Waging war in the urban jungle

Wednesday, June 30, 2010

Big day today

Paulo has a big day today and I'm a little nervous.  My poor baby has been plagued by ear infections in the last few years.  Didn't have his first one until he was a year old, and got a double whammy then, didn't have too many in the year or so that followed but lately, probably since 3 years, it's been rough.  Since Valentine's Day he's had three all in the same ear, two of which have ruptured!  That's just too much!  It's painful and I do not like giving him round after round of antibiotics.
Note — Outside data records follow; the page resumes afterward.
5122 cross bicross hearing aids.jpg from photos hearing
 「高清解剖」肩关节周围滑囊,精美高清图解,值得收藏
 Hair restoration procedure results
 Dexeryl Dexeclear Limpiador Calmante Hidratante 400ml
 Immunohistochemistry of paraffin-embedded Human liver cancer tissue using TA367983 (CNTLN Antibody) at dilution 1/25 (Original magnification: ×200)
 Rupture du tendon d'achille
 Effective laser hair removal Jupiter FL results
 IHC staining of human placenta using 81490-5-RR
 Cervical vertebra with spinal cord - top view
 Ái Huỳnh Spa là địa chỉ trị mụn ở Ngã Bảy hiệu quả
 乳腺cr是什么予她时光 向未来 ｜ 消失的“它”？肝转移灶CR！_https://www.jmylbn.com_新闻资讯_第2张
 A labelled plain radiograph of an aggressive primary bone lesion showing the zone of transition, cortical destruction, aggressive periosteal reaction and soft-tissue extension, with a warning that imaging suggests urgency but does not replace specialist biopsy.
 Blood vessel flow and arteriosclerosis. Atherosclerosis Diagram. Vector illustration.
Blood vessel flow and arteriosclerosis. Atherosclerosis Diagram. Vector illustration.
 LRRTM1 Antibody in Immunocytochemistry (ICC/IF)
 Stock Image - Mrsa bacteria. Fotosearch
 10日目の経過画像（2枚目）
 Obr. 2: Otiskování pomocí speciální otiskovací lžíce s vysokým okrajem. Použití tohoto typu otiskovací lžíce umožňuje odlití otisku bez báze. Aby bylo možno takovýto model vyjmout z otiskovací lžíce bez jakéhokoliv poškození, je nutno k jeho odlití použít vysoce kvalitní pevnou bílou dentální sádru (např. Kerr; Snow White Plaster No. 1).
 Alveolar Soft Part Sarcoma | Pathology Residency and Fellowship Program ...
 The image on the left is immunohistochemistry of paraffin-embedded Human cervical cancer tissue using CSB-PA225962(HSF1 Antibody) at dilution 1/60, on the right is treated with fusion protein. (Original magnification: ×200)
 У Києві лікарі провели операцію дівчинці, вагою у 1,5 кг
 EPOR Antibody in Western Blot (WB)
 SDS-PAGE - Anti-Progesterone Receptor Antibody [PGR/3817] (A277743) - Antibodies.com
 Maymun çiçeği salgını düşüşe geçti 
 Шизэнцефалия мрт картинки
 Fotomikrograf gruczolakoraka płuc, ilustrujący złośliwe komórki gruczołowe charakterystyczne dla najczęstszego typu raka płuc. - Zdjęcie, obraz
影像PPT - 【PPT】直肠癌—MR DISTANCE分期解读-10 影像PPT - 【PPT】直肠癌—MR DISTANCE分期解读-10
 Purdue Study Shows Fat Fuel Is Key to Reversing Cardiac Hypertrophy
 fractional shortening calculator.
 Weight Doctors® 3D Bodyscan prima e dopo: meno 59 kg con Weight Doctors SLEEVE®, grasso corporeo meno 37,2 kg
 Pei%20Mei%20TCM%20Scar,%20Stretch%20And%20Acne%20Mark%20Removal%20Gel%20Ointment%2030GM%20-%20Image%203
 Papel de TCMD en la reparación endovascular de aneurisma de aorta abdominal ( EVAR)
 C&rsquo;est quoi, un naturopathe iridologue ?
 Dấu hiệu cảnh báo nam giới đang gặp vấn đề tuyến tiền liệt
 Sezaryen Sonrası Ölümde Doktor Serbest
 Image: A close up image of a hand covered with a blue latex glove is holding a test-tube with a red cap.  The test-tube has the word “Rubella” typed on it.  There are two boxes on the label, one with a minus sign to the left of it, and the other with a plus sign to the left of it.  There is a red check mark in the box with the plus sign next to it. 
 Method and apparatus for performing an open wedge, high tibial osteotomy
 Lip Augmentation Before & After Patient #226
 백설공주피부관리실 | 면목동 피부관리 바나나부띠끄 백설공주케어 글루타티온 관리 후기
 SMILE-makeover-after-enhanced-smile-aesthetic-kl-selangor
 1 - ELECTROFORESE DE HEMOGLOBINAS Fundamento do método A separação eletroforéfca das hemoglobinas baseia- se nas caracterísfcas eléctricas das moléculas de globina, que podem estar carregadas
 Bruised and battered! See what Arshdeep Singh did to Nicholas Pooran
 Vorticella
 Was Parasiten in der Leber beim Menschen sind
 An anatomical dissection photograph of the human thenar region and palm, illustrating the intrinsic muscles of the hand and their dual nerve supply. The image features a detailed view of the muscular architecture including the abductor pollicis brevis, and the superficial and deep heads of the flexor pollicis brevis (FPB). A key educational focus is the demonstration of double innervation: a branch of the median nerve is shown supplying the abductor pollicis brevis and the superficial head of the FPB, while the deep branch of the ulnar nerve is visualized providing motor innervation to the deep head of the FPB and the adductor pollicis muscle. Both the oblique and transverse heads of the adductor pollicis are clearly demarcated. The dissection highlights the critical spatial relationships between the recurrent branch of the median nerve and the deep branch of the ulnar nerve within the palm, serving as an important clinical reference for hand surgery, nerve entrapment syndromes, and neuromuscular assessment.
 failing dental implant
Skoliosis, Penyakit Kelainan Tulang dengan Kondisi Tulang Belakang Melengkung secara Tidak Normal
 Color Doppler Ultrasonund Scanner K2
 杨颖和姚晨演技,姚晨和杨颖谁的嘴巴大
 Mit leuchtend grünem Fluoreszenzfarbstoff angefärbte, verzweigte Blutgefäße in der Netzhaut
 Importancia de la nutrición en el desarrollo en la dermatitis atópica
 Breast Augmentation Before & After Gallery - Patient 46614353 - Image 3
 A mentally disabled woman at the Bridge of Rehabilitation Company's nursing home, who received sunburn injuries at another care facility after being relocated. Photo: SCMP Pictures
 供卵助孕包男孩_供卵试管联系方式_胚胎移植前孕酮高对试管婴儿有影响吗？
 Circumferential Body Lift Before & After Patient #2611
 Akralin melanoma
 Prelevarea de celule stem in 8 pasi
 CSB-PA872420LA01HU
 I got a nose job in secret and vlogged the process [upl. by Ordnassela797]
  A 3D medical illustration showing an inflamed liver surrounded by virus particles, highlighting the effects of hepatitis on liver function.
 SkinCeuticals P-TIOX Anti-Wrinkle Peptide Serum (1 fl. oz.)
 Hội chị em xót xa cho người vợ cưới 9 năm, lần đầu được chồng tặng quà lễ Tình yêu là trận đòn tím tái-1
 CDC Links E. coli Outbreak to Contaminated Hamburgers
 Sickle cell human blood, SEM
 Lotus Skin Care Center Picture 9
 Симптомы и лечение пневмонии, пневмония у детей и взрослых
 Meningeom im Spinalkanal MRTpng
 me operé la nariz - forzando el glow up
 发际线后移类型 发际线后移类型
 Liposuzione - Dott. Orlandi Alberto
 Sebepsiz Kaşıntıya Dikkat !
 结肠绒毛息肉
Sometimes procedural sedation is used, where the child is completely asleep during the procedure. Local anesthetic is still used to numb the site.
I know that his horrible allergies are a factor.  We're working on those as best as we can.  He gets a lot of extra vitamins, we neti pot, he takes daily meds, I clean his room obsessively....the one thing I really wish I could do?  Hardwood floors in his bedroom.  I hate the carpet.  Never thought I'd say that, but having a child with severe allergies makes me loathe carpeting.  You just cannot get it clean enough.  We are also having more food allergy testing done.  Our naturapath thought it odd that with all his environmental allergies nothing showed up for food allergies on the blood test his pediatrician ordered last February.  So, she ordered one that tests for over 95 different allergens.  That's on Friday, fortunately he's really good about shots and needles.  The last time he had a blood draw done he watched, wide eyed, through the process, didn't make a single sound.  Part of me hopes that they do find something because then, I can do something about it.  If there's a food that his body can't handle I can remove that food.  I cannot go out and chop down all the trees or burn all the grass he's allergic to.  I suppose that's why I'm obsessive about his room, I can do something about dust.  I can vacuum.  I can wash his bedding weekly.  I could, and did, buy him a new mattress.  There's something I can do there, I don't feel helpless.  With the pollens, I'm helpless, and I don't do well with being helpless.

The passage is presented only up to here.